I’ve been trying to deal with the question lately of, “If I find something in scripture that is different than what I’m currently doing, what should I do?”
Now I know on the surface, it sounds simple, change what I’m doing, right? But I’ve inserted something else, or am assuming something different than the question implies. I ask it in my head more like, “If I find something in scripture that doesn’t fit my idea of what a direct command is, do I have to do it?”
I know that question has a lot of errors in it, but I let it hang around. I think it lets me have some sense of control.
But is that what it means;
with Christ I have been crucified, and live no more do I, and Christ doth live in me; -Galatians 2:20a (YNG)
Is that the life Christ is living in me if I question everything in light of my view of direct commands? Can I honestly say;
I live my life in this earthly body by trusting in the Son of God, who loved me and gave himself for me. -Galatians 2:20b (NLT)
Is my life being shaped by the life of Jesus, or is Jesus being shaped by my life? Looking at my life, I don’t Live my life by trusting Jesus, the Son of God. But why not, He loved me and even gave himself for me!
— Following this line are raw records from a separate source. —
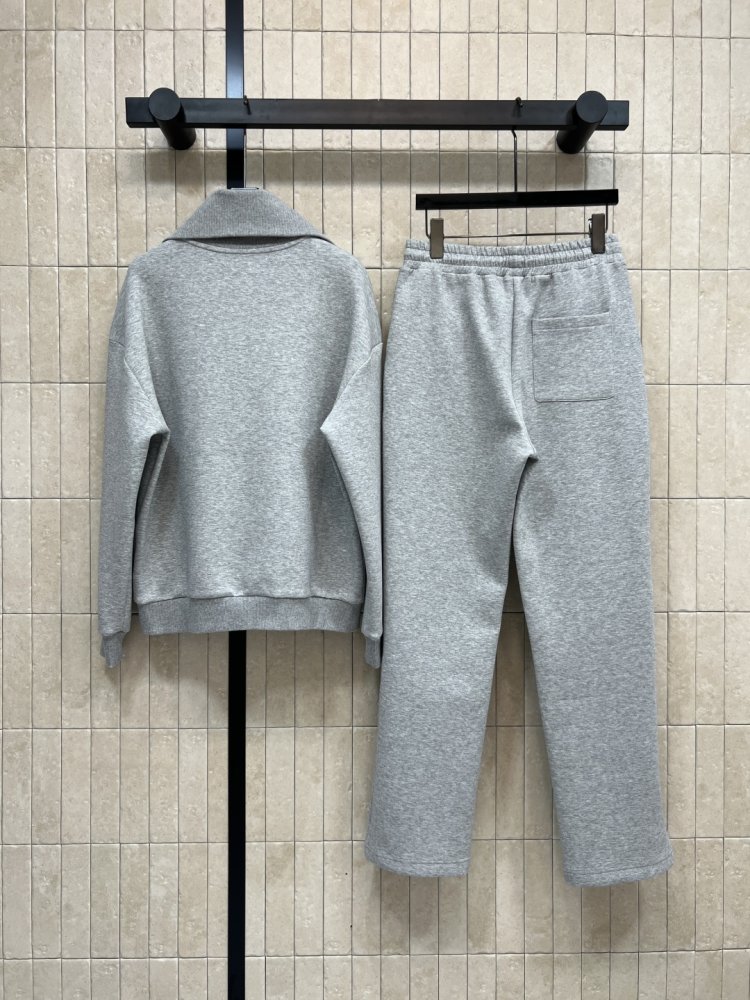 Костюм жіночий фото 7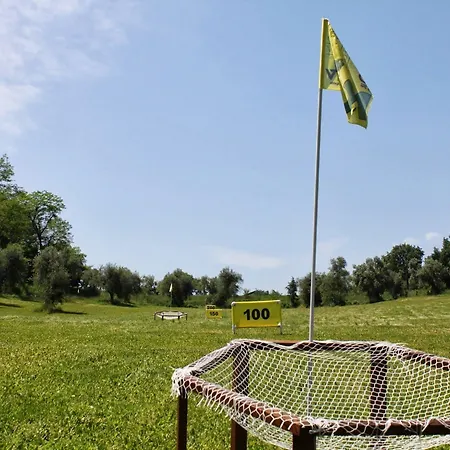 Castello Montegiove فندق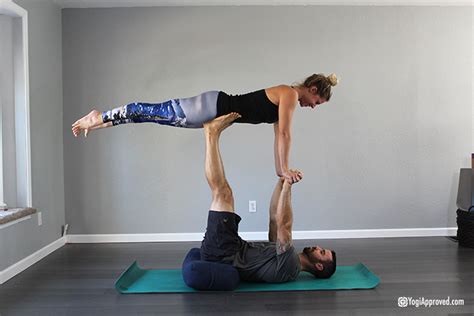 Intro To Acroyoga 5 Beginner Acroyoga Poses To Try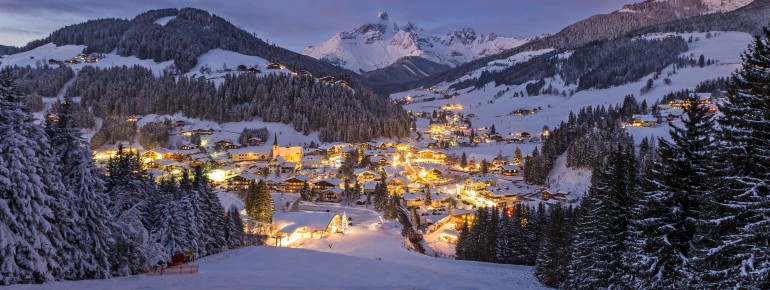 Filzmoos erstrahlt während des Bergadvents in neuem Glanz.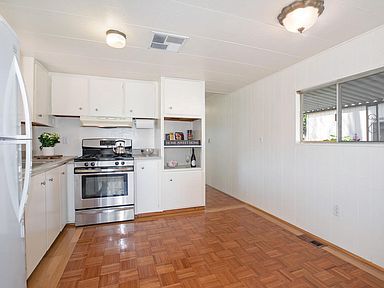 Foto del edificio - 4280 Calle Real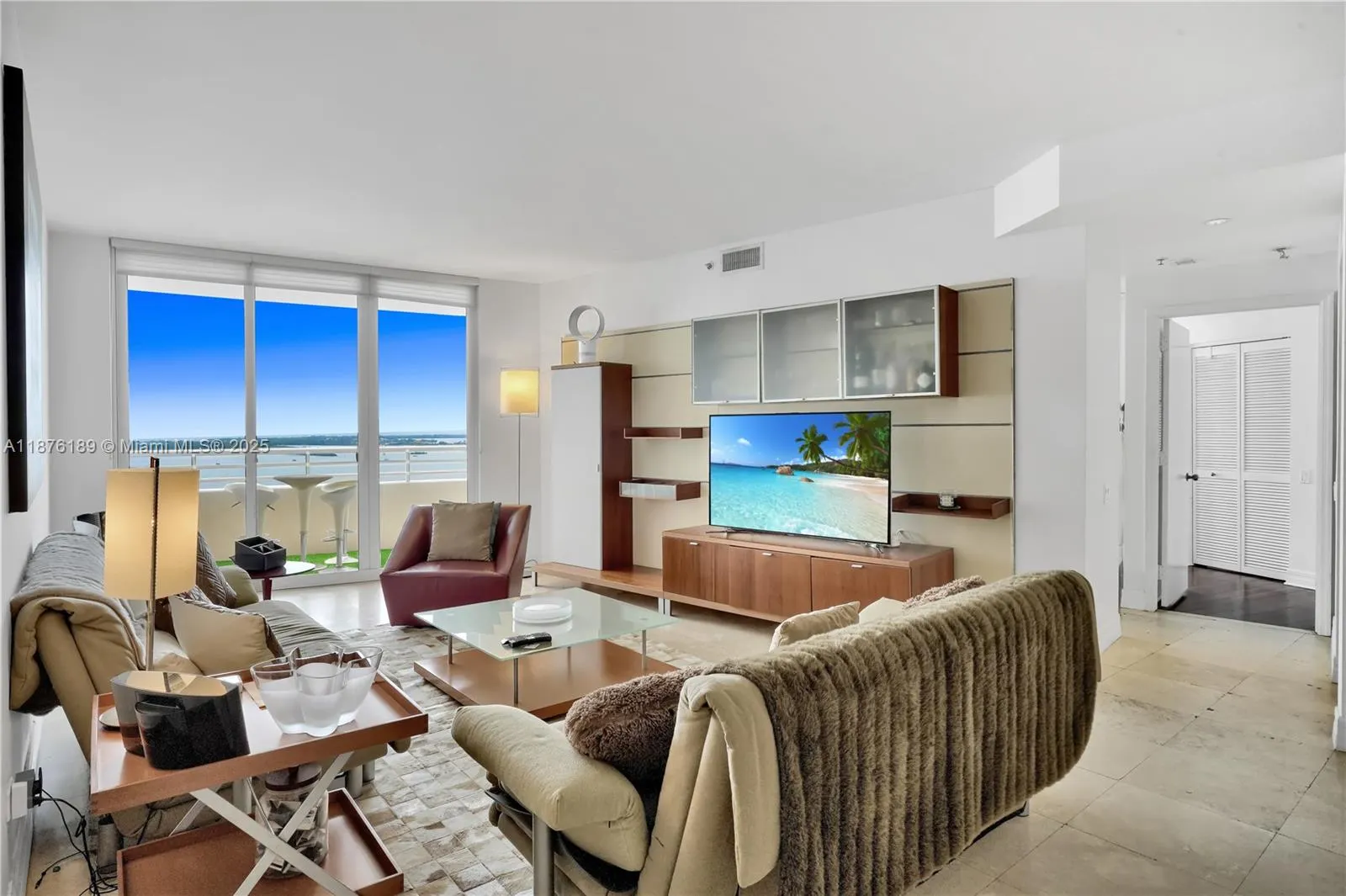 808 Brickell Key Dr, #2506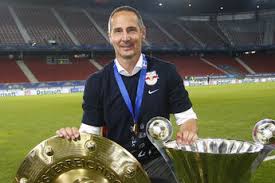 Hütter begeht mit seinem wechsel zu gladbach einen klaren wortbruch. Adi Hutter Stellt Klar Ich Bleibe Salzburg24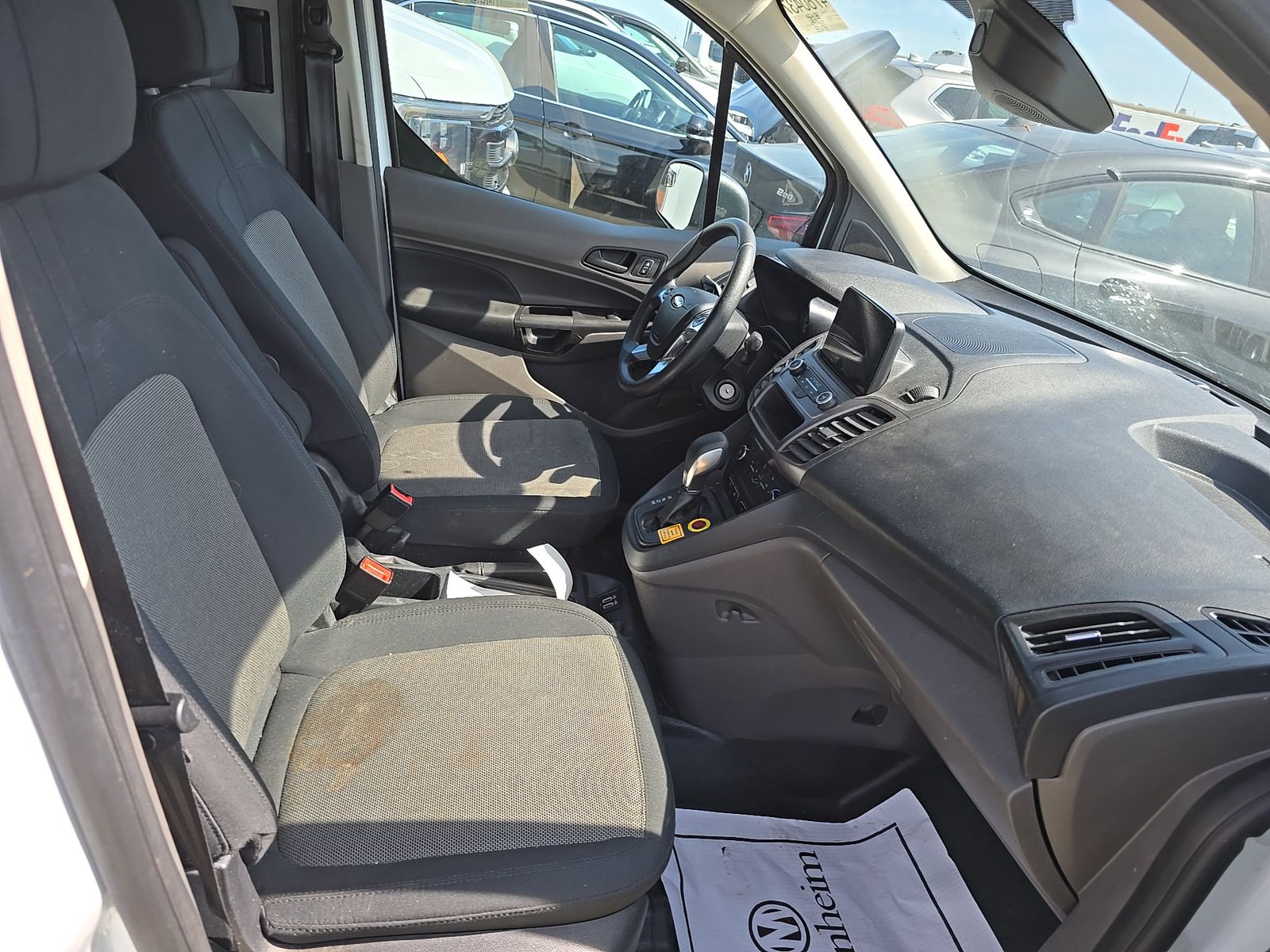 FORD TRANSIT CONNECT - 9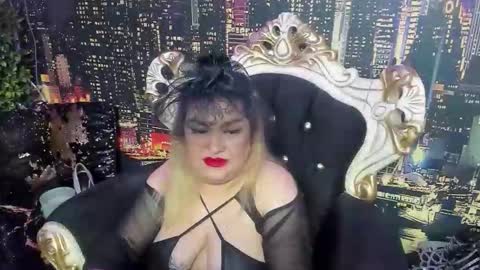 QueenT online show from November 28, 11:41 pm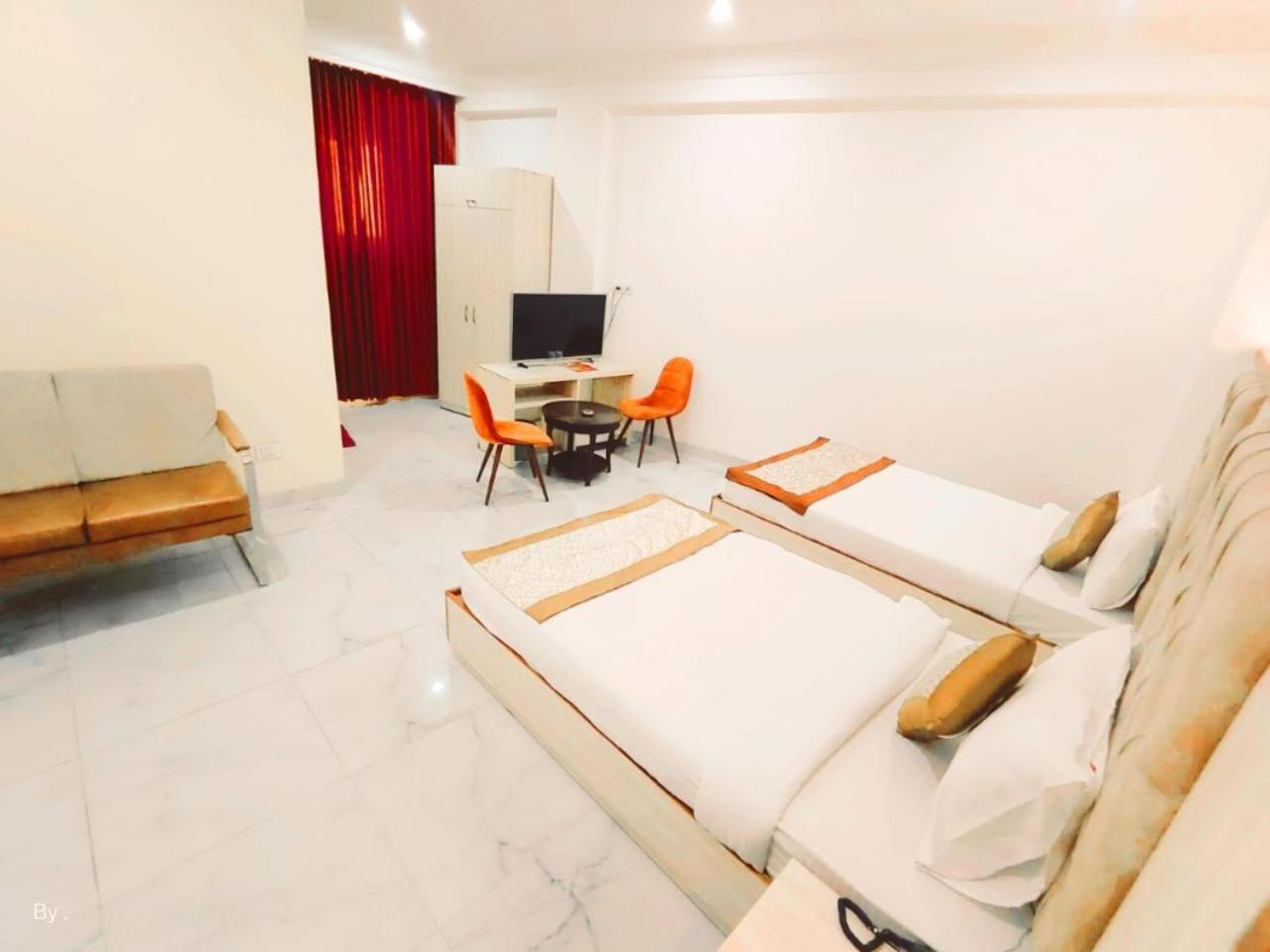 Hotel The Almora By Rs Global Near By Delhi International Airport With - Free Airport Drop New Delhi Ngoại thất bức ảnh
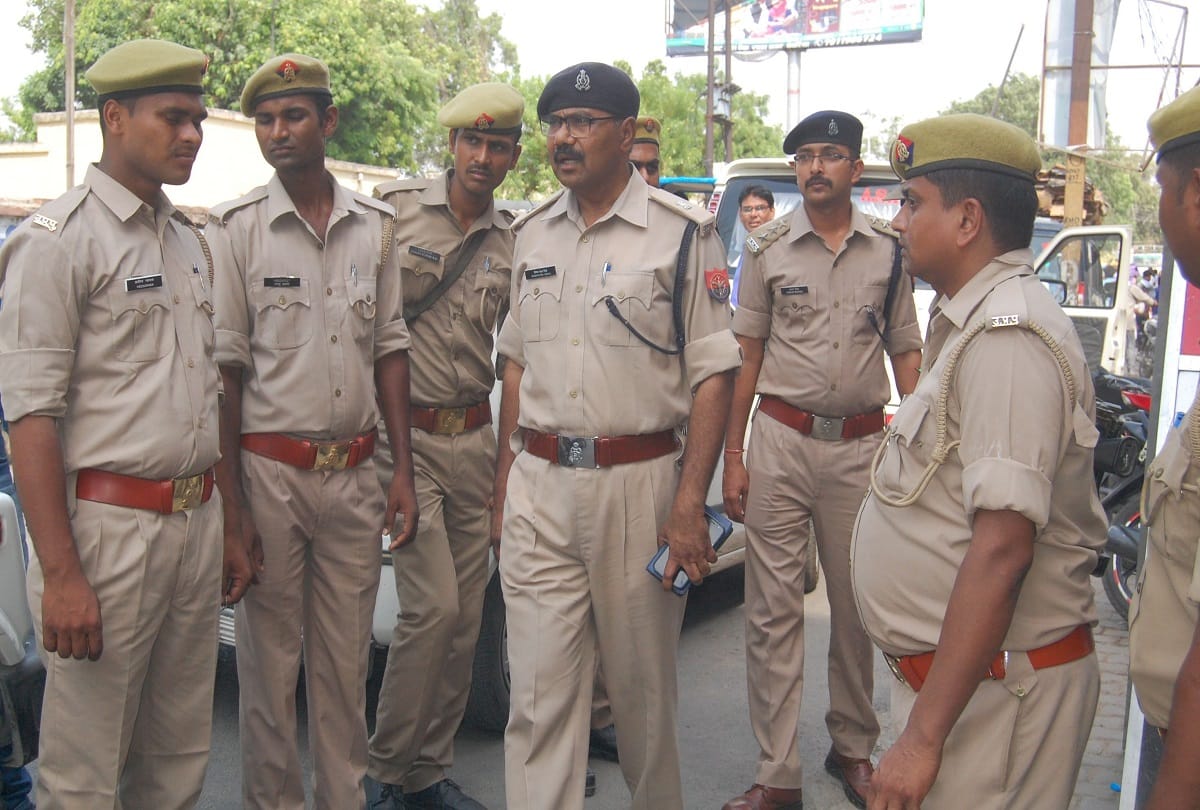 Deoria brothel racket case Hotels was booked on hourly basis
Who else is there to trust than someone who gave everything just for me. (I know for the whole world too, but this is personal. Is there anything greater in this life to take personal?) I need to stop this self-trust, I-can-figure-it-out, living-for-me, let-me-handle-it-Jesus, lie that has been my life.
I picture Jesus and I up on a stagecoach, fighting over the reins, well, I’m fighting at least. I also see my sick joke of taunting Jesus, pretending to hand the reins over, but at the last second pulling them back to the false security of my own arms. But it’s not a joke. It’s my warped view of Jesus.
If you don’t trust Him, you don’t know Him.
If you can’t trust Him, you want something else.
If you won’t trust Him, you don’t know yourself.
I’ve got a little (i.e. a lot) of all three.